Let's start with the words. Blonstein has an ongoing love affair with them. Look at these exhilarating creations, taken at random: enchancements, fleurtatiously, rawberries, exspellent, gasplillies, greycioulsy, nuttertongued.. I admit to a slight preference for the Anglo-Saxon compounds, they are thinner on the ground, alas, but for me they have more earth, more texture to them... it may feel easier to invent Latin ones, but if she can create zungfrau, I am sure she can stretch to greater Germanic inventions in English. (But am only being nitpictious.)
Then the collocations: reheated adjectives, noun garments, the earth's narratives, English ifs, Etruscan nouns, skin-shaded indulgences, melancholic alreadys
And now, a whole poem. Let's take Poem 21: (they are numbered 1 to 108).

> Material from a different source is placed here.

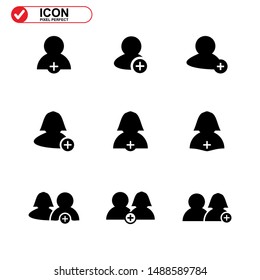 add friend icon isolated sign symbol vector illustration - Collection of high quality black style vector icons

Cracks of mauve pain ochre silence infolding the instruments of neverthemore...It has an immediate sensual appeal that takes us somewhere beyond synaesthesia. And one could very well leave it at that level of feel and wonderment. But Blonstein also wants to take us outside the poem and back in through another point of entry. At the bottom of the page we will notice the reference: 1914, 50/ /12.v./26.x.2002. The first date refers to a work by Paul Klee; the second, to the period in which the poet wrote her poem. The poem is therefore Blonstein's rendering? reaction? communication with? osmosis with? the artist's work.
But we need to delve further. Each poem is constructed in accordance with a Q/K/Cabbalistic system of interpretation known as Notoriqon (from Latin Notarius, a form of shorthand), which is similar to anagrams. Re-read the poem looking just at the first letter of each word and you obtain COMPOSITION, the title of Klee's painting. And we may go back and look at cracks, infolding, instruments in a different light.
Still you may say, So what? Well, take poem 59.
Geologically enunciated by inner rocks gold sedimented legacies and napped debris she chances her abundant floods transyllabically.The anagram reveals Gibirgslandschaft. (Mountain Landscape) This time, there is a much clearer interdependence of subject matter and anagram and the jagged shape of the poem. Not that this should prevent anyone not speaking German, for Kafka's titles are naturally in German, from fully enjoying the poem for the poem's sake.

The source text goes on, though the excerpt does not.